A family feast on the occasion has long been an essential part of celebrating the most important festival in China, also known as Spring Festival, which falls on Jan 25 this year.
"Before I got married, we used to eat at home," said Su, 30. "This year, we will be joined by family from my wife's side."
While Su is looking forward to the big reunion, a family feast at home is a challenge.
"So we decided to go to a restaurant, but it's really difficult to find a suitable one less than a month ahead of the holiday," Su said.
By suitable, Su said, he meant he had to consider the price, cuisine, location and, last but not least, availability. Reservations at major restaurants have run short in major cities despite higher prices due to the rising cost of labor and food, especially pork.
"All of our tables and rooms for Spring Festival Eve have already been booked," said Wang Shijia, deputy manager of Lubolang, one of the most famous traditional restaurants in Shanghai. It has received many foreign dignitaries, including former United States president Bill Clinton and Queen Elizabeth II.

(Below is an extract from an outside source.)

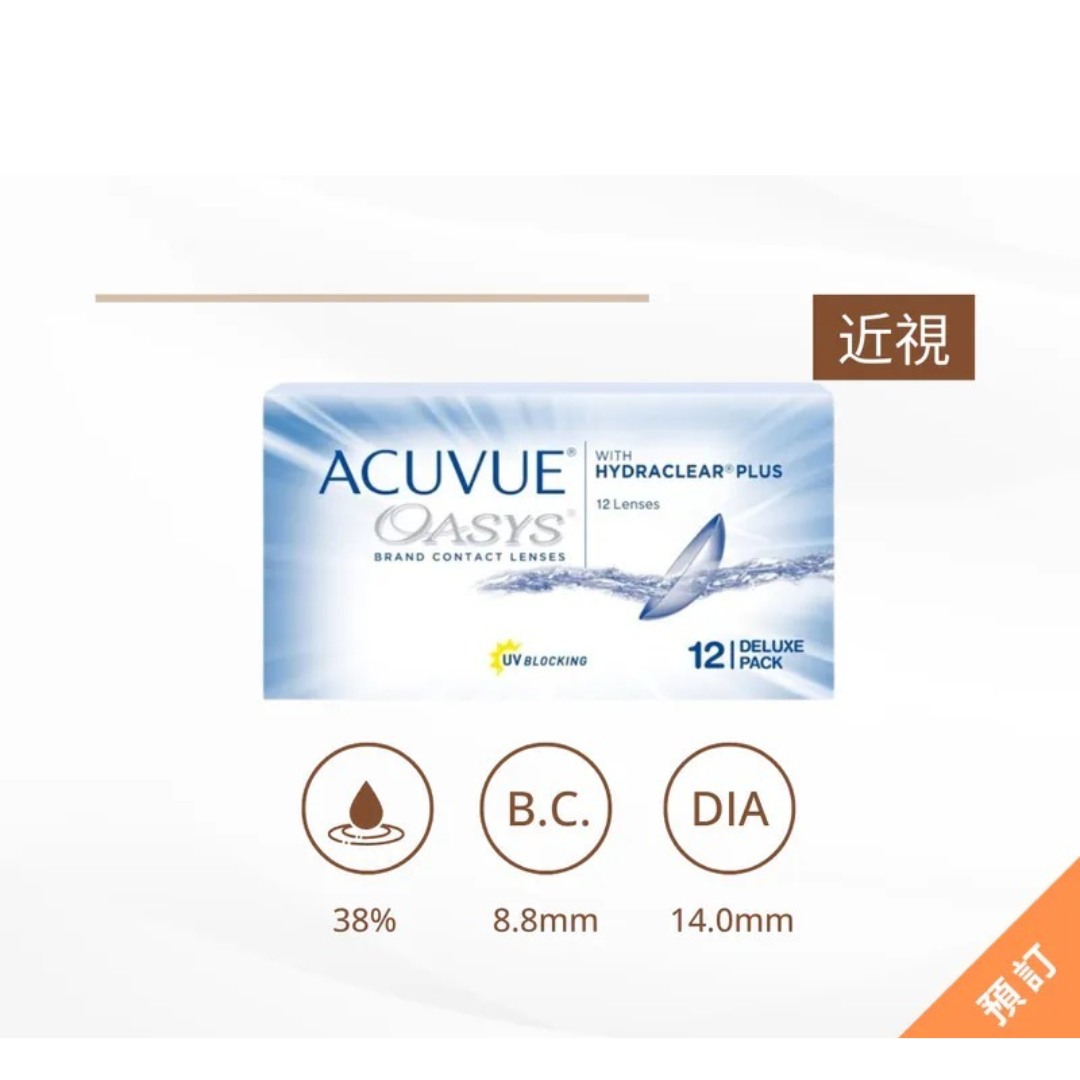 【12片】ACUVUE Oasys 2-week｜兩星期抛透明矽水凝膠隱形眼鏡｜每盒12片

With 10 dishes, three dim sums and a fruit plate, the restaurant, which just completed a renovation in October, offers festival sets for 10 people priced from 3,988 yuan to 6,888 yuan ($570-980).
"Even before our reopening, our patrons were calling in, making reservations for our festival meals," Wang said.
Similar demand is being observed in other cities such as Beijing and Xi'an, the capital of Shaanxi province.
Guan Na, meeting events director for Crowne Plaza Beijing Lido, said the hotel has launched set meals for the festival, catering to families of various sizes, which have proved popular.
Dong Hui, manager of the newly opened Hualuxe hotel in Xi'an, said the hotel offered 15 tables for Spring Festival Eve meals and most had already been booked.
"Traditionally, Chinese parents make the family reunion meals at home, but as more children want their parents to save the sweat and have a good rest during the last day of the lunar year, people come to us," Dong said.
Su, who eventually booked a 4,000 yuan meal set for 15 people in a private dining room at a restaurant, agreed that convenience is the top reason behind the demand.
"The more people we gather, the merrier the festival atmosphere," Su said, "but only when you don't have to fuss over the cooking."